Going it alone in limbo

It is widely assumed that unless President Alberto Fernández’s government reaches an agreement with the International Monetary Fund very soon, Argentina will sink far deeper into the mire. We could be about to learn if the many who think this way have it right or if they are merely scare-mongering.

It is widely assumed that unless President Alberto Fernández’s government reaches an agreement with the International Monetary Fund very soon, Argentina will sink far deeper into the mire in which she has been trapped for so many decades, with millions more of her inhabitants falling below the poverty line and increasing numbers of businessmen and talented youngsters moving abroad because they are convinced it would be worse than useless for them to stay here. We could be about to learn if the many who think this way have it right or if they are merely scare-mongering.

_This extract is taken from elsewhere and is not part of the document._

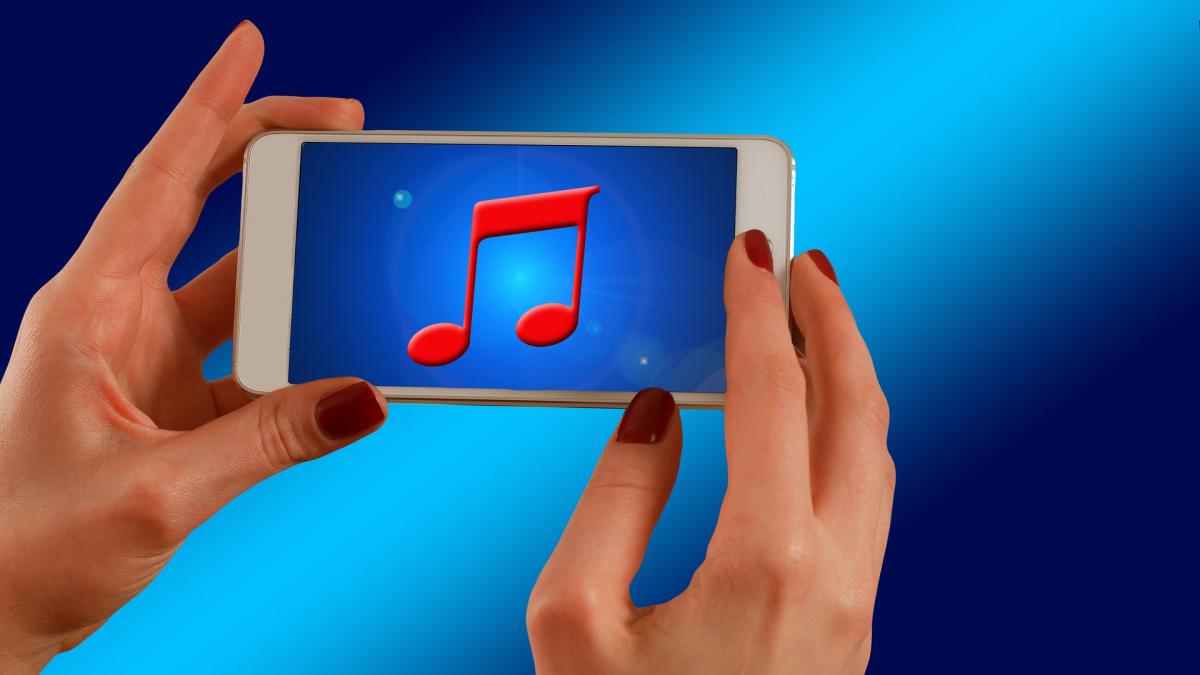 How to organize a party playing synchronized music from all mobiles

The signs are ominous. When a couple of days ago Economy Minister Martín Guzmán admitted that negotiations with the IMF were going badly because the Kirchnerite brand of economics is not properly appreciated in other parts of the world, the money markets reacted in their usual fashion by selling off anything connected with Argentina and sending the country risk index even higher that it already was.

Perhaps few genuinely fear that the country is about to become a slightly less tropical version of Venezuela, which under a regime many Kirchnerites admire has been reduced to a wretched wasteland ravaged by famine and swarming with thugs who have driven more people into exile than have the Syrian regime and its equally brutal enemies, but it cannot be denied that the prospects facing Argentina do look decidedly bleak.

All this confronts the Kirchnerite government with an unpleasant dilemma, one which has less to do with the welfare of the country’s inhabitants than with its own political and personal priorities. Its leaders feel they have to choose between coming up with a “plan” which, to pass muster, would presumably have to include measures that would be bound to hurt the millions of their supporters who rely on hand-outs, as well as their friends in the crony capitalist community, and doing their best to make the most of whatever disasters lie in wait by blaming them on their political foes. Many evidently prefer the second alternative.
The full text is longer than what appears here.